# How to get the most flavor out of Black Pepper ?



## sunny (Apr 18, 2011)

Hello to all

I need some advice on how to extract the most flavor out of Black Peppercorns in cooking?

Regards


----------



## chefedb (Apr 3, 2010)

Crack them first and then tie in a piece of cheesecloth  (make a T-bag)  submerge and cook in whatever you are making. And make sure they are not old or have just been sitting around for a long time .


----------



## sunny (Apr 18, 2011)

chefedb said:


> Crack them first and then tie in a piece of cheesecloth (make a T-bag) submerge and cook in whatever you are making. And make sure they are not old or have just been sitting around for a long time .


What about freezing the corns or boiling the cracked pepper T-bag in water for long period and adding the liquid to whats cooking?

Also is there such a thing as Black pepper Extract ?


----------



## kyheirloomer (Feb 1, 2007)

A slight disagreement, Ed.

Whole peppercorns will last two days longer than forever. It's only after they've been broken or ground that their essential oils degrade.

The entire spice trade was based on the simple fact that whole spices do not lose their potency.
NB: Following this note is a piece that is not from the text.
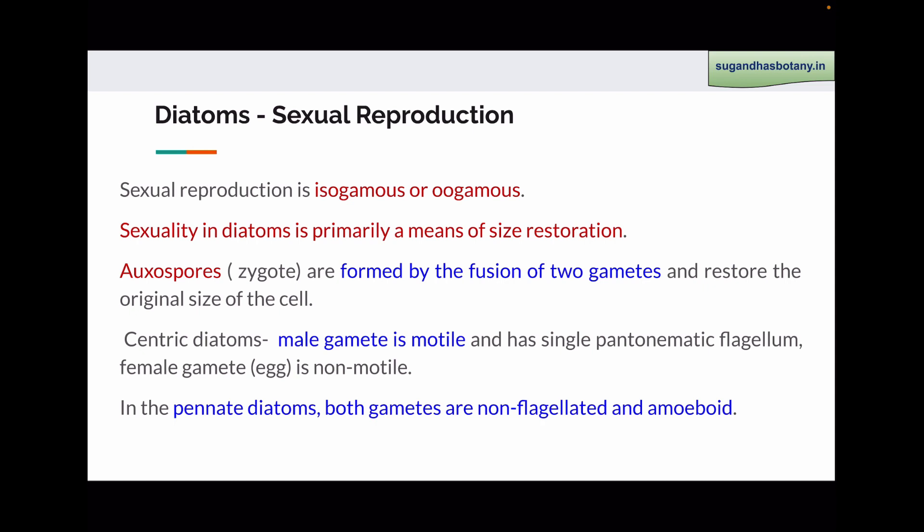Sexual reproduction in diatoms may be isogamous or oogamous. After the fusion of gametes, an auxospore or zygote is formed which enlarges in size and restores the original size of the cell. In centric diatoms, the male gamete is motile. It has a single pentonematic or tinsel flagellum, while the female gamete or egg is large and non-motile. So centric diatoms show oogamous type of sexual reproduction. In pinnate diatoms such as Navicula, both the gametes are non-flagellated and amoeboid, and pinnate diatoms show isogamous type of sexual reproduction.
The spice caravans typically took two years---and often longer---to get from the spice origins to Venice, with no ill effects.

The important thing for Sunny to understand is that, for best effect, she should be buying whole spices, rather than preground, and crush or grind them just before using.


----------



## sunny (Apr 18, 2011)

KYHeirloomer said:


> A slight disagreement, Ed.
> 
> Whole peppercorns will last two days longer than forever. It's only after they've been broken or ground that their essential oils degrade.
> 
> ...


Hi, yes i do buy whole spices and ground them myself for best effect but i want to know if there are techniques when it comes to getting a stronger cracked pepper taste in cooking without the heat?


----------



## siduri (Aug 13, 2006)

I personally don;t like black pepper to be in a cloth bag, but i like the direct contact with the food.  I think the black pepper grindings are really appealing to look at, and the full flavor comes out when you bite into them. 

When i want added flavor, i grind the pepper into the oil that i'm going to cook something in.  Maybe it's not any different but i get the feeling it's a more intense pepper flavor.


----------



## slowjuicerdave (Apr 6, 2011)

Ah, you don't want the heat? Obviously, you know about the importance of freshly cracked and ground pepper. One way to reduce the heat and keep a lot of the flavor is to grind or crack your pepper corns into a saute pan over low heat. Let the pepper roast off a bit without burning it. You won't get any carbon although the pepper corns may darken in color. I've always referred to this as "road tar" although it really doesn't obtain a tar like consistency. If you roast your pepper corns in a saute pan, you will lose a majority of the heat and keep a good flavor while not having to dilute what ever it is that your cooking with liquid. I do this frequently when making almost anything "au poivre". I hope this helps. It certainly works well for me.


----------



## chefedb (Apr 3, 2010)

Reason I told him bag is because I don't know what he is making and by putting in bag( bouquet garni style) he does not have to strain whatever he 's doing.


----------



## chefedb (Apr 3, 2010)

KYHeirloomer said:


> A slight disagreement, Ed.
> 
> Whole peppercorns will last two days longer than forever. It's only after they've been broken or ground that their essential oils degrade.
> 
> ...


I agree I only told him to crack it before cooking and adding it then to whatever he's making not just cracking and leaving sit in a jar.

I want the pepper to lose it's potency to whatever he is making at the time.


----------



## dc sunshine (Feb 26, 2007)

Sunny, hi 

It depends a bit on what you are making.  If it's a peppered steak, just grind it from whole and press into the steak.  If it's a stew/casserole/soup, the bagging idea may work for you.

Have you given a thought to using white peppercorns?  They give a great flavour but not the same kind of heat that black pepper gives.  Just a thought, it may be worth playing with.

In an ideal world I would dry toast in a pan all my whole spices then grind/smash for the best effect as per Indian cooking.  It releases the volatile oils and increases the flavour very much.  Take out of pan as soon as they get fragrant, let cool a tad then proceed.


----------



## cutlermax (Jan 17, 2016)

Chef,

I want to make a table smoked black pepper spice

Cutlermax


----------